Homemade tamales are no walk in the park, but their difficulty level shouldn't deter you. Tamales are not only a triumph of skill and patience, but also of taste. There is nothing like a homemade tamale. Frozen tamales in your grocer's freezer don't even come close. The process is a two day ordeal, but if you time it right and plan out your strategy, you'll have a Mexican tamale fiesta on the table in no time.

Things You'll Need

  • 3lbs beef, pork, or chicken
  • 1 onion
  • 2 cloves garlic
  • 2 tbsp chili powder
  • 1 tsp salt
  • 1 tsp pepper
  • 2 tbsp cumin
  • 4 cups masa harina
  • 1 cup shortening
  • 1 tsp chili powder
  • 2 tsp salt
  • 1 bag corn husks

Meat and Spice Filling

  • Make the meat and spice filling. Tamales can be made with virtually any meat (or no meat) filling that you like. Traditional Mexican tamales use pork, but beef, chicken, and cheese tamales are popular options as well. Slow cooker cooking times will vary depending on the type of meat you choose. Pork will take the longest (up to eight hours) and chicken the least (around 3 to 4 hours). Monitor your meat. Once it begins to fall apart in every which way, it is done.
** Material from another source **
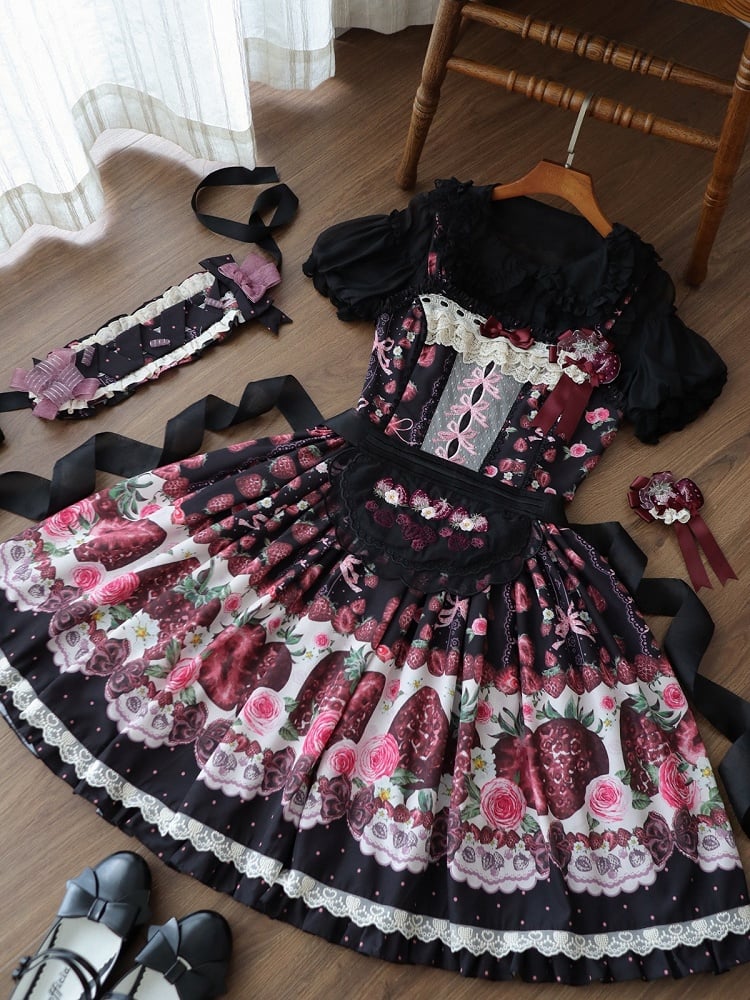 Floral Strawberry Rose Print Black Puff Sleeve JSK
  • Place 3 pounds of meat into the bottom of a slow cooker. Add 1 large quartered onion, 2 chopped cloves of garlic, 2 tbsp chili powder or crushed dried chili peppers, 2 tsp cumin powder, and 1 tsp each of salt and black pepper.

  • Pour 1 to 2 cups water over the meat and spices--just enough to cover everything. Cook on low until the meat falls apart (up to but no more than eight hours).

  • Refrigerate meat once it is cooked and reserve the broth in a separate container. At this time begin soaking your corn husks in a large bowl of water. They should soak over night.

Masa and Assembly

  • Place 4 cups masa harina in a large bowl with 1 cup shortening, 1/2 tsp chili powder and 2 tsp salt and combine.

  • Add reserved broth 1/4 cup at a time to make the masa moist. You do not want it to be liquid, but rather pliable enough to spread.

  • Open and lay flat the corn husks that were soaked overnight, and spread about 1 and 1/2 to 2 tbsp masa into the center of the husk using either a spoon or your fingers. Place 1 tbsp of meat on top of the masa and roll so that the masa envelopes the filling (masa should slightly overlap itself so that the filing is encased). Fold the ends of the husk up as if wrapping a present, and tie with strings or thin strips of excess corn husks. You want the tamale parcel to stay closed for steaming.


  • Steam your tamales depending on the tools you have. Any method of vegetable steaming will work for cooking tamales, even the microwave. Just make sure that your tamales do not come in contact with boiling water.

  • Use a vegetable steamer to cook your tamales. Double boilers used for vegetable cooking are perfect for steaming tamales, but if you do not have a double boiler set, try fitting a metal colander inside of a pot of boiling water (but not touching the water). Bring the water to a boil, and place the tamales inside. Reduce the heat, and cover with a large lid. Let steam for about 90 minutes. If you have a commercial steamer basket, follow the instructions provided for your particular model.

  • Microwave steam your tamales. You can reheat your tamales (after they have been steamed and refrigerated or frozen) by quick steaming in the microwave. Wrap the tamale in a damp paper towel and place in a plastic zipper bag. Microwave on high for 45 seconds and serve. You could microwave steam your tamales instead of conventionally steaming, but it is not recommended by most cooks for the lackluster taste that is created. To steam a fresh uncooked tamale in the microwave, follow the same procedure for re-steaming, but rotate every 30 seconds for about 2 minutes.